You have seen them lumbering on the side of the road, bellowing from a dirty watering hole, or apathetically grazing in green pastures. With their large horns, heavy hooves, and gentle eyes, the mighty water buffalo is a staple of Vietnamese fauna. No trip to Vietnam is complete without taking a photo of these friendly beasts of burden.
To celebrate the Year of the Buffalo, Chào has compiled some brief facts about our favorite bovine buddies.
- Buffalos are a cornerstone of Vietnamese farming
Since ancient times, buffalo have been an important tool for Vietnam’s agriculture. Farmers use the buffalo mainly to plough rice fields. Arguably, without the buffalo, farming in some areas of Vietnam would be virtually impossible due to the hilly landscapes and terraced rice fields. Modern-day automation is unable to effectively plough this type of terrain. Fortunately, buffalos are able to navigate the steep altitudes while carrying heavy farm equipment.
Many farmers treat the buffalo as a member of their family because of their importance to the household. When not hauling materials, buffalos also look after the children. There is a Vietnamese saying, praising the buffalo as both laborer and caregiver: “The husband ploughs, the wife sows and the buffalo draws the rake and is friends with the children.”
- Buffalos are important cultural symbols in Vietnam
As a beloved animal in Vietnam, the Vietnamese imbue the buffalo with many favorable qualities. With its massive size and charming disposition, the buffalo symbolizes both bravery and happiness. Also, because of its importance to the household, the buffalo is also known as a symbol of prosperity.
Those born in the Year of the Buffalo are said to have similar traits with the animal, such as diligence, trustworthiness and strength. Some famous people born in previous years of the buffalo include Walt Disney, Cristiano Ronaldo, Barack Obama, Margaret Thatcher, and Vincent Van Gogh.
- Buffalos are ‘living tractors’ built like tanks
Some have dubbed buffalos as “living tractors of the East” due to their contributions to farming. However, if they weren’t so docile, their impressive dimensions would surely make them terrifying apex predators. A wild buffalo can grow over two meters tall and weigh over 1,000 kilograms. Despite their hugeness, buffalos are also surprisingly quick. They have a speed of up to 48 kilometers per hour! Thankfully, a buffalo’s diet consists of plants such as reeds, grass, herbs and other vegetation.
- Some buffalos are used for bloodsports
Despite being revered in Vietnamese culture, a disturbing local tradition involves making buffalos fight, often to the death. The Do Son Buffalo Fighting Festival is an annual event that takes place near Haiphong. According to beliefs, the tradition blesses the community with luck and prosperity… just not for the abused buffalos. These poor creatures are led to an arena where they fight each other as the crowd cheers on the chaos. To add insult to injury, the “winning” buffalo is slaughtered as a sacrifice to the Water Goddess.
Recently, the festival saw its first human fatality. One owner was gored by his own buffalo and later succumbed to his injuries. A massive controversy followed, with many Vietnamese wishing the tradition to be banned altogether. Despite the avoidable bloodshed, the festival continues.
- Buffalos frequently appear in Vietnamese art
Because of their importance to Vietnamese agriculture and identity, depictions of buffalos can be found in several artistic mediums throughout the nation. For example, many Dong Ho paintings feature a buffalo with a boy playing the flute on its immense back. This image reflects the pastoral friendliness seen throughout the Vietnamese countryside. More modern paintings of buffalo appear in a recent art exhibition, in celebration with the Tet season.

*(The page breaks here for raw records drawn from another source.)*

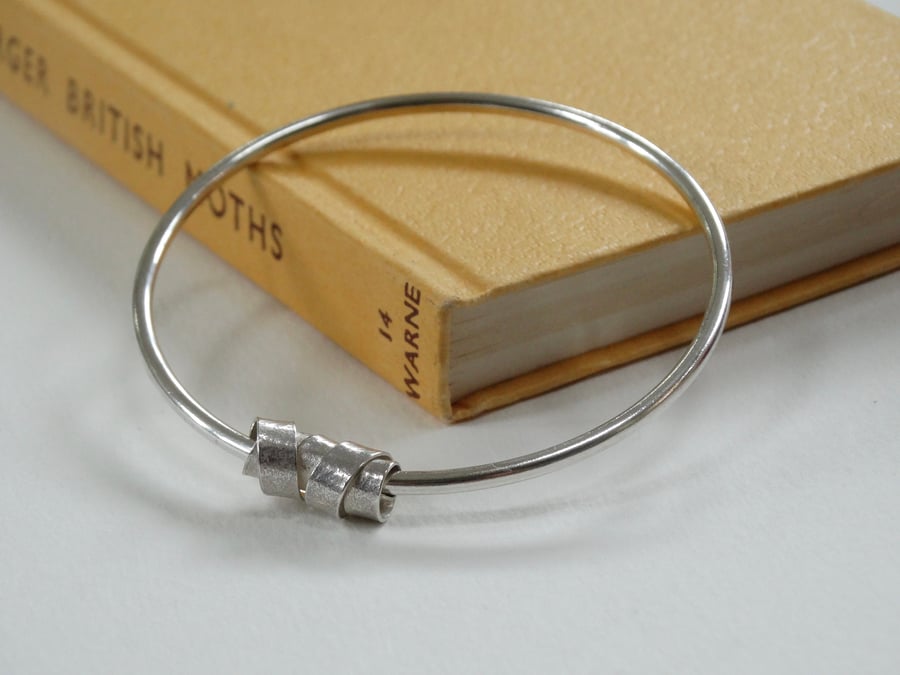Silver birch bark bangle - recycled sterling silver - contemporary bangle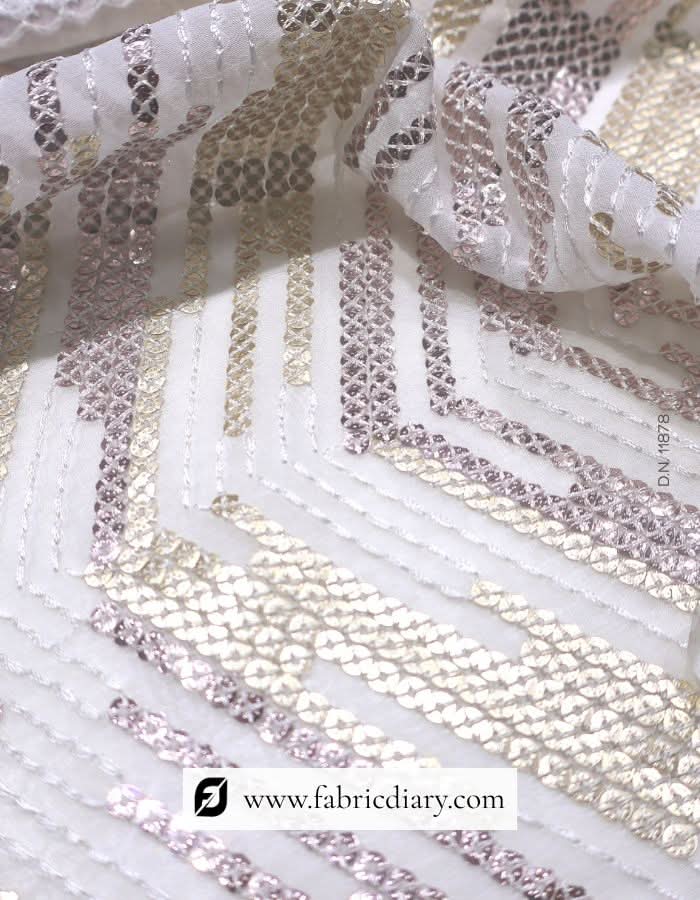 Lining design sequin fabric – copper-gold embroidered material for fashion wear
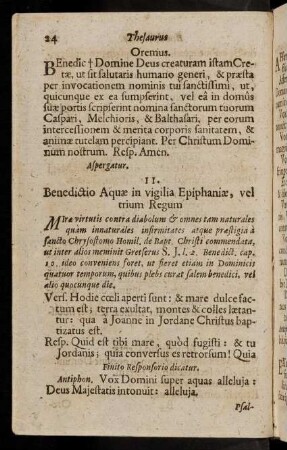 24-34, Benedictio Aquae in vigilia Epiphaniae, vel trium Regum; ...
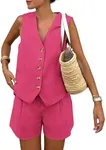 PRETTYGARDEN Women's Summer 2 Piece Outfits Sleeveless Matching Sets Button Down V Neck Vest Waistcoat and Pockets Shorts (Rose Red,Small)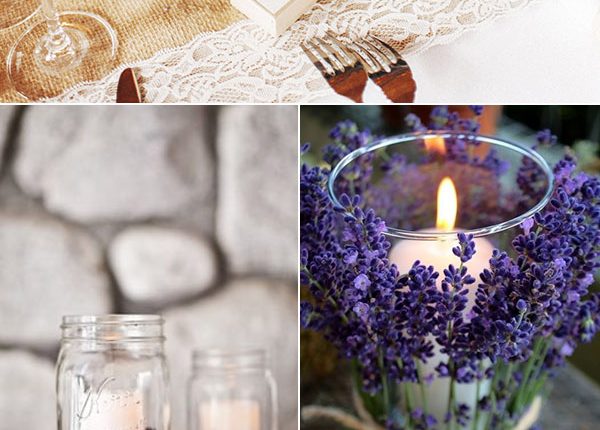 country rustic lavender wedding centerpiece ideas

A buffalo also appears in a traditional children’s story. While the tale offers a charming lesson on wisdom, it also provides a humorous reason for why buffalo has no front teeth. Long story short, the animal lost them when hysterically laughing at a burning tiger (as you do).
Interestingly, a herd of buffalo briefly became movie stars in 2004 film “Buffalo Boy.” Director Minh Nguyen-Vo “cast” 300 buffalos for his picture, detailing the harsh life of farmers in Vietnam’s Mekong Delta. While some may criticize it for being slow, the beautiful film steadily moves along to the pace of a unbothered buffalo.